Aux abords d’un hôpital psychiatrique de Rio de Janeiro, il est difficile de distinguer les patients des autres fêtards en pleine folie du carnaval.
Depuis 20 ans, l’Institut municipal Nise da Silveira, hôpital de référence au Brésil, ouvre ses portes pour le cortège Loucura suburbana (la folie des faubourgs), à Engenho de Dentro, quartier populaire du nord de Rio.
Le joyeux défilé réunit plusieurs centaines de personnes, entre patients, membres de leurs famille, personnel soignant et badauds.
Costumes multicolores, paillettes à gogo, pas de danse de samba du haut d’échasses: un authentique « bloco », cortège musical comme il en existe des dizaines d’autres à Rio, mais avec en plus un vrai esprit d’inclusion et de mise en valeur de la diversité.

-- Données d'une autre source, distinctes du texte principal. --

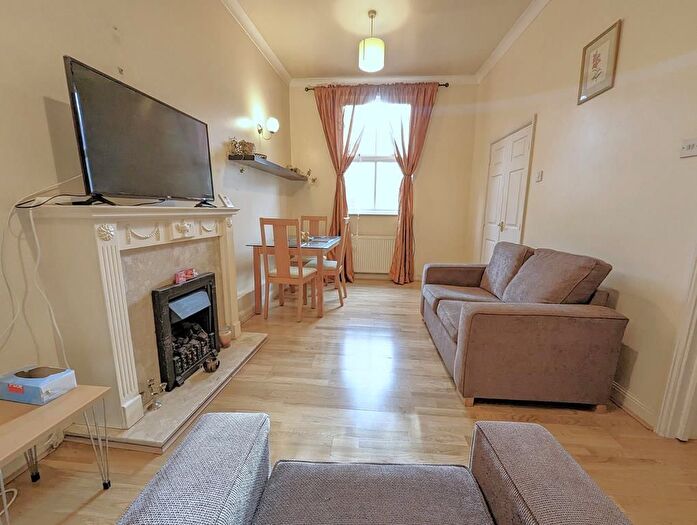 2 Bedroom Flat To Rent In Notting Hill Gate, London, W11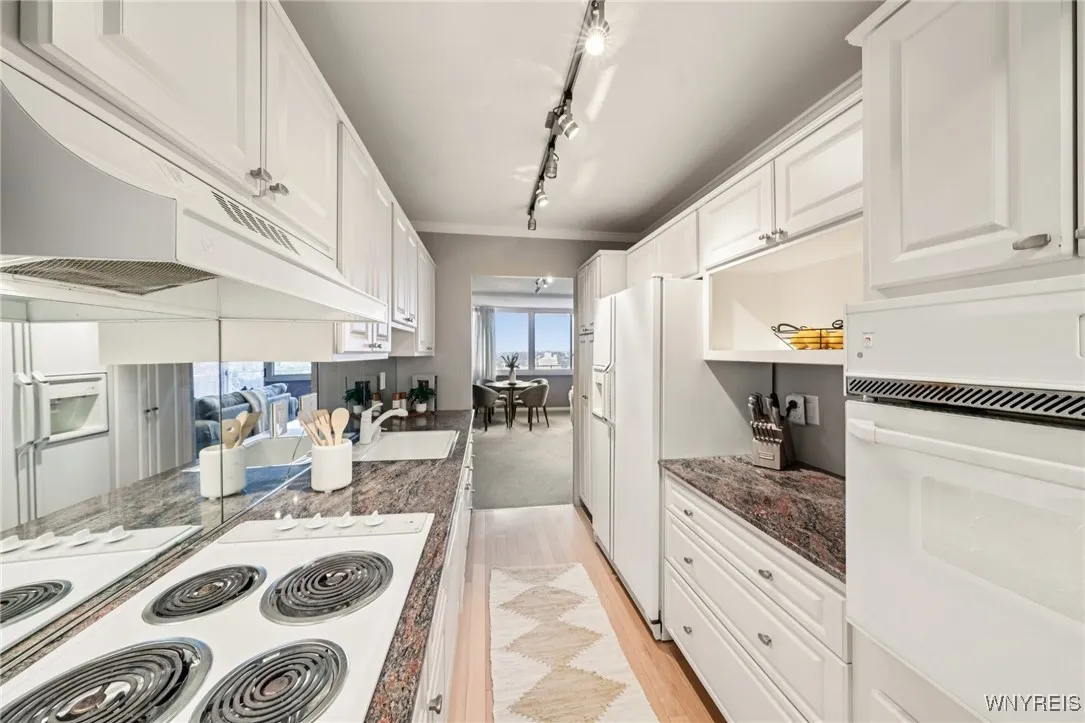 1088 Delaware Avenue 9a, Buffalo, New York 14209, Buffalo, New York 14209, 2 Bedrooms Bedrooms, 4 Rooms Rooms,2 BathroomsBathrooms,Residential,For Sale,1088 Delaware Avenue 9a, Buffalo, New York 14209,0,B1650139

« Qui est fou et qui ne l’est pas dans notre société? C’est ça le carnaval: tout le monde fait ressortir sa folie », dit à l’AFP Adriana Carvalho Lopes, enseignante de 46 ans déguisée en diable, avec des cornes, un trident et une cape rouge.
« Les gens qui se disent normaux pensent que les patients n’ont pas de rêves, qu’ils vivent dans un monde à part, mais ils sont aussi très créatifs », renchérit son mari Bruno Coutinho, 42 ans.
Adriana et Bruno dansent sur une musique rythmée par une quarantaine de percussionnistes, la plupart d’entre eux sont des patients de l’hôpital.
À la grosse caisse, Renata Alves, 23 ans. Victime d’abus sexuels à l’âge de six ans, elle a eu des problèmes de drogues et fait une tentative de suicide.
« Le cortège m’a sauvé. Ici, je me suis fait des amis, j’ai une famille », raconte-t-elle.
Elle fréquente depuis 2016 un Centre de soins psycho-social (CAPS), unité de santé mentale ouverte, qui accueille des patients qui vivent à l’extérieur et ne se rendent à l’hôpital que pour des consultations ou pour pratiquer toute sorte d’activités.
Tout au long de l’année, elle prend part à un atelier de musique, où elle apprend à jouer des percussions, mais aussi à écrire, composer et même dessiner.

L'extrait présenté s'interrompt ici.